How Big Telecom Killed Rules That Would Have Prevented Hurricane Ida Outages

Once again a lack of industry oversight and meaningful rules means the cellular industry wasn’t fully prepared for disaster.
Image: Scott Olson/Getty Images

As Louisiana residents dig out from underneath the massive damage caused by Hurricane Ida, many are having to do so without essential communications options. While such outages are becoming commonplace in the wake of climate change-fueled disasters, experts say many of the added headaches could have been largely avoided.

According to the latest report by the FCC, about 28.1 percent of the cell sites in the area impacted by Ida are offline, leaving hundreds of thousands of customers without service. Another 354,699 residents in Louisiana, Mississippi, and Alabama remain without landline phone, cable, or broadband service. 


Local power utilities state that roughly 888,000 locals are without power and may not be reconnected to the grid for weeks. Numerous Louisiana 911 systems also failed due to “antiquated AT&T technology,” leaving residents unable to access emergency services. Some local first responders were forced to use Facebook to keep residents informed. 

T-Mobile indicated the company’s wireless network was about 70 percent operational due to Ida’s impact. An initial report by AT&T indicated that the company’s wireless network in Louisiana was only 60 percent operational after the storm, thanks to power failures at cellular tower sites. 

“Do better AT&T,” tweeted one AT&T subscriber in Louisiana who complained that she was unable to reach friends and family due to cellular outages. 

Verizon, which has been notably more aggressive in deploying backup power to its cellular towers in the region, saw far less disruption than its competitors. Some local reporters for The Advocate noted their newsrooms switched away from AT&T after similar network reliability problems in the wake of catastrophic Louisiana flooding in 2016


Consumer groups say the now familiar post-disaster face plants of U.S. telecom networks are completely avoidable, and the direct result of industry lobbying to eliminate meaningful oversight of the sector on the state and federal level.
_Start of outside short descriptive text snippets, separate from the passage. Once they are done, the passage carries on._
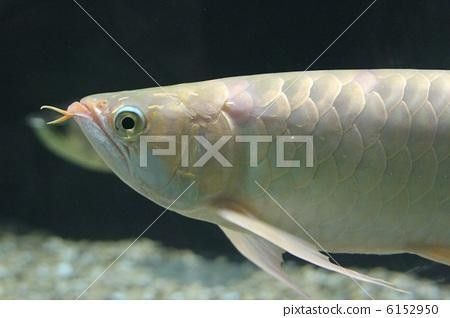 金龍魚為什么不是海魚（金龍魚是海魚還是海水魚）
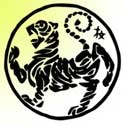 Karate Kyu : My Path to Wholeness, one Kiai at a time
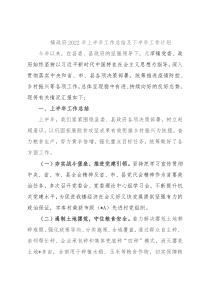 镇政府2022年上半年工作总结及下半年工作计划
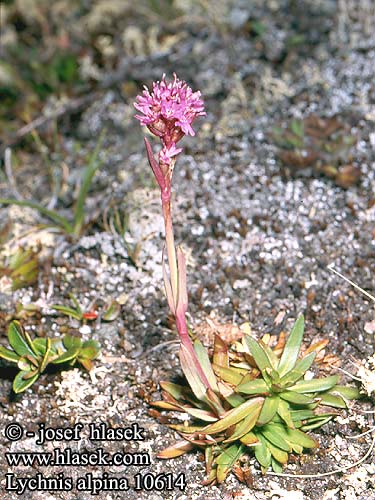 Lychnis alpina Alpine campion Alpenpechnelke Firletka alpejska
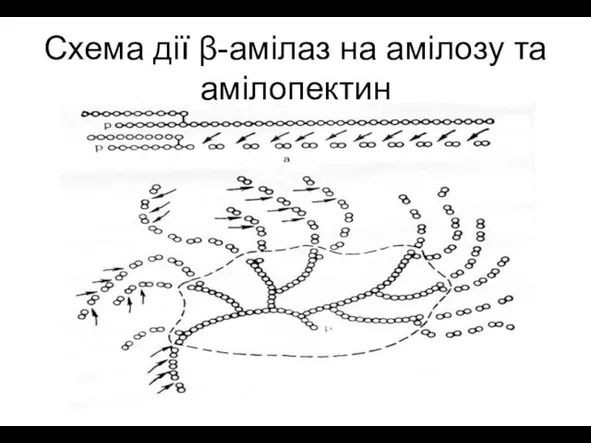 Схема дії β-амілаз на амілозу та амілопектин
Three years after 2005’s Hurricane Katrina caused widespread wireless outages, the FCC approved new rules requiring that all cell tower sites have a modest 8 hours of battery backup in the case of a power outage—effectively the bare minimum. 

Backed by the Bush White House, the cellular industry successfully lobbied to scuttle the rules, claiming they would have created “a huge economic and bureaucratic burden” for the industry. Sprint, now part of T-Mobile, complained at the time such rules would have created “staggering and irreparable harm” to the wireless industry. 

In short, the U.S. wireless industry, which charges some of the highest rates in the world for mobile service, didn’t want to pay for fairly modest reliability upgrades. The industry’s successful bid to dismantle those rules would come to haunt victims of Hurricane Sandy in 2012, as well as victims of California’s historic 2019 wildfire season.

Incompetence by the local power utility (PG&E) helped kickstart that year’s disasters, and incompetence by the regional telecom companies perpetuated it. Shortly after the fires, FCC data showed that nearly half a million wireless subscribers lacked access to wireless phone service, again thanks to a lack of reliable backup power at many tower locations.

“Nobody likes to pay for emergency preparedness,” Harold Feld, a wireless policy expert and lawyer at consumer group Public Knowledge told Motherboard at the time. “That's why you need rules to force companies to spend the money. Companies will spend as little as they think they have to, which is why regulators need to tell them how much they have to spend.”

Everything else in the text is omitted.